Macaroon Chocolate Drops

Makes about 40 medium size truffles, ~100 calories each

  • 2 cups dark chocolate chips
  • 4 T honey (can also use agave nectar or pure Maple Syrup)
  • 3/4 cup coconut cream (can also use the creamy top of a can of full-fat coconut milk)
  • 1/2 tsp cinnamon
  • 1/2 tsp sea salt
  • 1 tsp vanilla
  • cocoa powder, shredded coconut, crushed candy cane, or toasted walnuts for rolling
  1. If you’re using nuts to roll some of your drops in (why did that sound soo wrong?) then you’re going to want to toast them first. Spread out about 3/4 cup raw walnuts on a piece of foil and place in the toaster on medium heat for about 3-4 minutes! You can also toast them in the oven on a cookie sheet at about 400 degrees. Keep checking them and stirring until they begin to take on a light brown color and left off a toasted aroma.  They can burn in an instant, so as soon as they begin to change color, they’re probz done.
  2. Back to the macaroon chocolate drops, grab a medium sized saucepan, place it on the stove, and pour all the chocolate chips in it over a very low setting.  Keep stirring until all the chocolate is melted and gooey.
  3. Stir in the coconut cream and whisk until all the lumps are gone.
  4. Add in the honey, cinnamon, salt, and va-va-vanilla.  Stir until a creamy consistency.
  5. When it’s nice and smooth, pour into a bowl and place in the freezer for 45 minutes.  Then stir with a spoon and transfer the bowl to the fridge.  This “dough” can sit there overnight but if you’re as impatient as I am (there is chocolate involved here, people) then it should be good to go in about 2-3 hours. I know, I know…still an excruciatingly long time to wait…I fully condone eating spoonfuls as “testers” while it’s firming up.

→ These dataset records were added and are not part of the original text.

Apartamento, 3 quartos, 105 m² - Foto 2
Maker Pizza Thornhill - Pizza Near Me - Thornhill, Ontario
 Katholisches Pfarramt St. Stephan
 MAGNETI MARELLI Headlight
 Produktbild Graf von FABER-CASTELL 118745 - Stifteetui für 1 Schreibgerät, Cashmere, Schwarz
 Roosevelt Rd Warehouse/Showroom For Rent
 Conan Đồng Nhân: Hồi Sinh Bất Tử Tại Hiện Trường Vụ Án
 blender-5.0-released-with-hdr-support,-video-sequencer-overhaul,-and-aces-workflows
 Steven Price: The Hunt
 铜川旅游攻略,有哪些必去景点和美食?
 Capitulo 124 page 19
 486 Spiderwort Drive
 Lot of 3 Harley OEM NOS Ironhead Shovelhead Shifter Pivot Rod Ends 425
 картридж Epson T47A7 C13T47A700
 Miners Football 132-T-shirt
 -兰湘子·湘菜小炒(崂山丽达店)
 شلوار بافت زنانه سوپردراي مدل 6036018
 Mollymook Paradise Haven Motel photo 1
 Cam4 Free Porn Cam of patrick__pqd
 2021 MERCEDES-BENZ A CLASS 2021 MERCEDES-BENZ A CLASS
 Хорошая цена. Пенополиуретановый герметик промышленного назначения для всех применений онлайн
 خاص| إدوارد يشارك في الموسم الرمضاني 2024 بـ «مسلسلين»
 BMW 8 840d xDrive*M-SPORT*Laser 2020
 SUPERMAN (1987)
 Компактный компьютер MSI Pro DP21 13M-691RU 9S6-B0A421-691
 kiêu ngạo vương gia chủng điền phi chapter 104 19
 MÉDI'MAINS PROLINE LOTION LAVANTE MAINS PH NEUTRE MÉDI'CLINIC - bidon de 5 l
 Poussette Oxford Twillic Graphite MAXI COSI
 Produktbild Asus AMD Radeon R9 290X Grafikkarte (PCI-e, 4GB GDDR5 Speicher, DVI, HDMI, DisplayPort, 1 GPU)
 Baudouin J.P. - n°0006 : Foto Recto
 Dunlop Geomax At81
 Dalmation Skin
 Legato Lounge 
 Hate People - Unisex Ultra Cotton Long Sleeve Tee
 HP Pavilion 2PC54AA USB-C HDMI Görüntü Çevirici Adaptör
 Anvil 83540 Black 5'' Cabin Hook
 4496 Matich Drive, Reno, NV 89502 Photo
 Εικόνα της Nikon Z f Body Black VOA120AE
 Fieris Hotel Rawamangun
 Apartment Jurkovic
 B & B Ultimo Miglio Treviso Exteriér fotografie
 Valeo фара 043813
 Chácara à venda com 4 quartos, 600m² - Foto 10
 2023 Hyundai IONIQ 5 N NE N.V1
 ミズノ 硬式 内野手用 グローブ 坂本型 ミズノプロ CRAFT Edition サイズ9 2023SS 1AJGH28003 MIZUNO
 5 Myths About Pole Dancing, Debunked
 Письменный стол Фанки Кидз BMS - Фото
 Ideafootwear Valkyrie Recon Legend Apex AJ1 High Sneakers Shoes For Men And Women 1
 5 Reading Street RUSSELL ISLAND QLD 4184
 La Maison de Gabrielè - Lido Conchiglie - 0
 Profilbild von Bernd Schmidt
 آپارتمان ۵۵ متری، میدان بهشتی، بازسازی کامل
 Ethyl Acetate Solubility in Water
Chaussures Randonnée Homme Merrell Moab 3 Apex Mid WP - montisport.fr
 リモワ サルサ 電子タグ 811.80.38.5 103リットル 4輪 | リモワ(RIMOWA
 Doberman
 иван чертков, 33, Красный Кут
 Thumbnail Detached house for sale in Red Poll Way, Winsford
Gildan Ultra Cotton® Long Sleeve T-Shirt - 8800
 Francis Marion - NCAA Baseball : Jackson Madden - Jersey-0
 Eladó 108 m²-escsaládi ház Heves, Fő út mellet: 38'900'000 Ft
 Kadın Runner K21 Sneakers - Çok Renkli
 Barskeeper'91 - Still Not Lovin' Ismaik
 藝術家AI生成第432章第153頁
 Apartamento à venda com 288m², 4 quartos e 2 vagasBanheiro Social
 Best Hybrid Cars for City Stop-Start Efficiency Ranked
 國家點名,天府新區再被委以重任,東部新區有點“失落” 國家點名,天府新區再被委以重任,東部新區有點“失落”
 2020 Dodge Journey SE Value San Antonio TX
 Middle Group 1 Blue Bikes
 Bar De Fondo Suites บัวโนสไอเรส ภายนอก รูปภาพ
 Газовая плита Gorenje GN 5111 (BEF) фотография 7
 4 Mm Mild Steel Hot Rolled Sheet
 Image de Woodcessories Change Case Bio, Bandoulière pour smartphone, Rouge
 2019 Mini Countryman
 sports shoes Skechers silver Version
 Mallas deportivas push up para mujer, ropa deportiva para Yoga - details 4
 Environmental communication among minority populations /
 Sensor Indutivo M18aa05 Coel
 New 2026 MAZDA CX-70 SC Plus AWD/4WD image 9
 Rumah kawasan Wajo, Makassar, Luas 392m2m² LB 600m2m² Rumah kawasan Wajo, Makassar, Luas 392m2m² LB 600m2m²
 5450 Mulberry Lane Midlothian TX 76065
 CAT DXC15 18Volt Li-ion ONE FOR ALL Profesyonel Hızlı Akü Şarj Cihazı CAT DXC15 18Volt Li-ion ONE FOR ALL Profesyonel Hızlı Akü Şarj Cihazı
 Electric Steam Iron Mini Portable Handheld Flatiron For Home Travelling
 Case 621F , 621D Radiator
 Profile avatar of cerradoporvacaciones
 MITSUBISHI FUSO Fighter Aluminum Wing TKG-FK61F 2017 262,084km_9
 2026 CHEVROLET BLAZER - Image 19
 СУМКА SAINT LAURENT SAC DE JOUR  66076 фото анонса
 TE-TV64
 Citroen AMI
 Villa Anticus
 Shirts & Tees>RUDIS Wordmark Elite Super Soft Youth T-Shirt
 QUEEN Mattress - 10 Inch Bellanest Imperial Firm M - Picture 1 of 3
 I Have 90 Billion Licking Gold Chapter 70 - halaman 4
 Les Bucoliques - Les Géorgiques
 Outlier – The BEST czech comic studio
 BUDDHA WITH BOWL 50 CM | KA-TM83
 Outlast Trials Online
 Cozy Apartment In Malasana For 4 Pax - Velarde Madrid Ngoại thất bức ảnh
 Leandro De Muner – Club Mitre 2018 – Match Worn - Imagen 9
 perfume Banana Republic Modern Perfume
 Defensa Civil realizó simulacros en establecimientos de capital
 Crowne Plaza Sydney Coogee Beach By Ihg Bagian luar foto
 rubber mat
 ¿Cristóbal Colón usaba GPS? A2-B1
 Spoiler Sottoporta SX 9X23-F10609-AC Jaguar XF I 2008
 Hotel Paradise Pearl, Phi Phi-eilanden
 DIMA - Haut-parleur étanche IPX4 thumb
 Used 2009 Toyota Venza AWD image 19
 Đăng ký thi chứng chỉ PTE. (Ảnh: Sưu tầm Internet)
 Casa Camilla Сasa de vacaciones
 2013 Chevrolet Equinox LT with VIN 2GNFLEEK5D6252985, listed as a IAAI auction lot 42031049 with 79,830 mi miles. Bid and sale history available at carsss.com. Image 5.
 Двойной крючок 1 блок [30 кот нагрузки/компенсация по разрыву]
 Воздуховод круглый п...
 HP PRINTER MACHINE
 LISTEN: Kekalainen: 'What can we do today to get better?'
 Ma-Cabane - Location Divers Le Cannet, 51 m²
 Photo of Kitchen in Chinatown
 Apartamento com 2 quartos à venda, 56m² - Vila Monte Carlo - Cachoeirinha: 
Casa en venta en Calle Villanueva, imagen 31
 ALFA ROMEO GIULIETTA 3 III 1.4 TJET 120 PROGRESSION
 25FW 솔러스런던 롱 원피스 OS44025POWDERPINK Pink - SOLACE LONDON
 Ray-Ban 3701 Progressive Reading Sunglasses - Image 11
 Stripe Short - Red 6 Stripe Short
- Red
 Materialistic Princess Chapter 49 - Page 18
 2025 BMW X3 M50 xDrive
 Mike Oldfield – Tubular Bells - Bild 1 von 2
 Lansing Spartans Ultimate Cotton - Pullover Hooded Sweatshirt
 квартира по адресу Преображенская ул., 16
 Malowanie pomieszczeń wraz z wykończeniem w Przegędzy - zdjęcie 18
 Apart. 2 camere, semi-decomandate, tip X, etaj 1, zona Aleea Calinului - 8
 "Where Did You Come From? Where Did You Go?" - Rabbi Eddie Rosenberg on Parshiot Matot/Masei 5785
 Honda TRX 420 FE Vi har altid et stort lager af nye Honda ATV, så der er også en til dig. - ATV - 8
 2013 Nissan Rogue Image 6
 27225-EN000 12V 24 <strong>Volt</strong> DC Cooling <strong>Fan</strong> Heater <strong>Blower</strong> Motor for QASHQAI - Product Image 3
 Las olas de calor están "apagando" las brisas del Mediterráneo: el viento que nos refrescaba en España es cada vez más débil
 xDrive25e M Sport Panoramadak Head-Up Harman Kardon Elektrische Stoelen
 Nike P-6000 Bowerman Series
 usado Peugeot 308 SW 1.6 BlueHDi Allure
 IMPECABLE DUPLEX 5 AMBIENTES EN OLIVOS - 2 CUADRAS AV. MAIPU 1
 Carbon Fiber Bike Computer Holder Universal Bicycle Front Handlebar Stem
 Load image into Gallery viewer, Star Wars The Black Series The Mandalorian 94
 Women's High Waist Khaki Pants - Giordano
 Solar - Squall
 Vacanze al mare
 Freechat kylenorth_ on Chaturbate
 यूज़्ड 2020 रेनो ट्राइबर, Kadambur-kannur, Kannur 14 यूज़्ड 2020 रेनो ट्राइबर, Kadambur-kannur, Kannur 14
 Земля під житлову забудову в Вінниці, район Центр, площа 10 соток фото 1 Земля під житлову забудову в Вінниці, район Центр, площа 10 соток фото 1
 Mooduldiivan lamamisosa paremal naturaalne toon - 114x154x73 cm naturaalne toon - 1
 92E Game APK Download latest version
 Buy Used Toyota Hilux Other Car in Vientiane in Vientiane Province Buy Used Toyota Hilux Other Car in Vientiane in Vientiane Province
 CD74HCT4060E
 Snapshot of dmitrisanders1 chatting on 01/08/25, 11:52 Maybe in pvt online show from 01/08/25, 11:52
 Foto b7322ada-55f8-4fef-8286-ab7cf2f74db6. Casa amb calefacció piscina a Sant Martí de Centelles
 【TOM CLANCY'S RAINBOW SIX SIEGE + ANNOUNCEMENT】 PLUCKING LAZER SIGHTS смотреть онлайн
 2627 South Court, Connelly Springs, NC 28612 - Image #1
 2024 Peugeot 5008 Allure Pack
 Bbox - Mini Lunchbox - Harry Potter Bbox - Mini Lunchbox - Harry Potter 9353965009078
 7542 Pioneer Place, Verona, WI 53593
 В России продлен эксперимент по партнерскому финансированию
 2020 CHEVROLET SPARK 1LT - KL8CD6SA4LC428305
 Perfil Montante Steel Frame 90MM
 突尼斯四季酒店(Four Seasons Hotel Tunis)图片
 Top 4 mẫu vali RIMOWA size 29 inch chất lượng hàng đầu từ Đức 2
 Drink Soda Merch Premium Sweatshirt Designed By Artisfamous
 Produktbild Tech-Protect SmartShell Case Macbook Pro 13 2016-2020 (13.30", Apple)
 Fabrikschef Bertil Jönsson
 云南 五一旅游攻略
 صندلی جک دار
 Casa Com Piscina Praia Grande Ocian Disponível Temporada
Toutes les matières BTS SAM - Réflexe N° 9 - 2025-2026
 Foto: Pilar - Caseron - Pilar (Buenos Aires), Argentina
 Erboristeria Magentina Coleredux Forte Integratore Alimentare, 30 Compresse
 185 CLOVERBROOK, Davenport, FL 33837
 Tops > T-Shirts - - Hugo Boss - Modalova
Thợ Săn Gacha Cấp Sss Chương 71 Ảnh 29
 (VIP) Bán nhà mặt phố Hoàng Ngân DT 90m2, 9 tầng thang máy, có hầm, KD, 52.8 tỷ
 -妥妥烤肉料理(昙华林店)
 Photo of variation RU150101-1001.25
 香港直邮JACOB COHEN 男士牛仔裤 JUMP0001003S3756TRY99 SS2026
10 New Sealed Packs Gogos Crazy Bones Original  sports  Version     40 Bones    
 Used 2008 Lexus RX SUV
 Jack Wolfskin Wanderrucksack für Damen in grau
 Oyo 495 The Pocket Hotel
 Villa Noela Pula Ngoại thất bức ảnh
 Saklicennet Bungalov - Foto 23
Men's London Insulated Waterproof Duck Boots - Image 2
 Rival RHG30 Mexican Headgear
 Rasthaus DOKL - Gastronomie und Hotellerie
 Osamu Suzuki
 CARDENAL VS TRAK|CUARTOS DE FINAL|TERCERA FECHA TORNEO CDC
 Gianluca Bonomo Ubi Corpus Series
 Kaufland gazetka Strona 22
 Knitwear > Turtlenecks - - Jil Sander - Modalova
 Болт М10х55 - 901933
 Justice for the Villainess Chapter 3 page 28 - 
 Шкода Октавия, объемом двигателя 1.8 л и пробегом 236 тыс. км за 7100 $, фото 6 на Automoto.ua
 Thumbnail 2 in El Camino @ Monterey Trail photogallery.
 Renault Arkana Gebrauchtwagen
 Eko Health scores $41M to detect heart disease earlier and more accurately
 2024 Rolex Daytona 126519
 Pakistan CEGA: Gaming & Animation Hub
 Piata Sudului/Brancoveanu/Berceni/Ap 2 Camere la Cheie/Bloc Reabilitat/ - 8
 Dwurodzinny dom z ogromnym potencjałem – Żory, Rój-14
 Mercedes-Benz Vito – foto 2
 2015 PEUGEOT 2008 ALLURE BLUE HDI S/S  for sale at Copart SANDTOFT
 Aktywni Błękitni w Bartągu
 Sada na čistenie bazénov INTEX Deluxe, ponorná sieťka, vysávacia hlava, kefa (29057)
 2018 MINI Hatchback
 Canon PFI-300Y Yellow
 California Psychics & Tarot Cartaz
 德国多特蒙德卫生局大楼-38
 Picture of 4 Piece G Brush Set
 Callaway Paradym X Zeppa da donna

  6. Roll the dough into small lil balls and then pick whatever you want your chocolatey truffles to be rolled in.  I used shredded coconut, toasted walnuts, crushed candy canes, and cocoa powder.  *HINT* Cocoa powder is by the far the easiest one to roll the truffles in.  But hell, it’s the holidays; go to town…try mini chocolate chips or minced up marshmallows. Store these in the fridge!  They should keep for at least a couple weeks.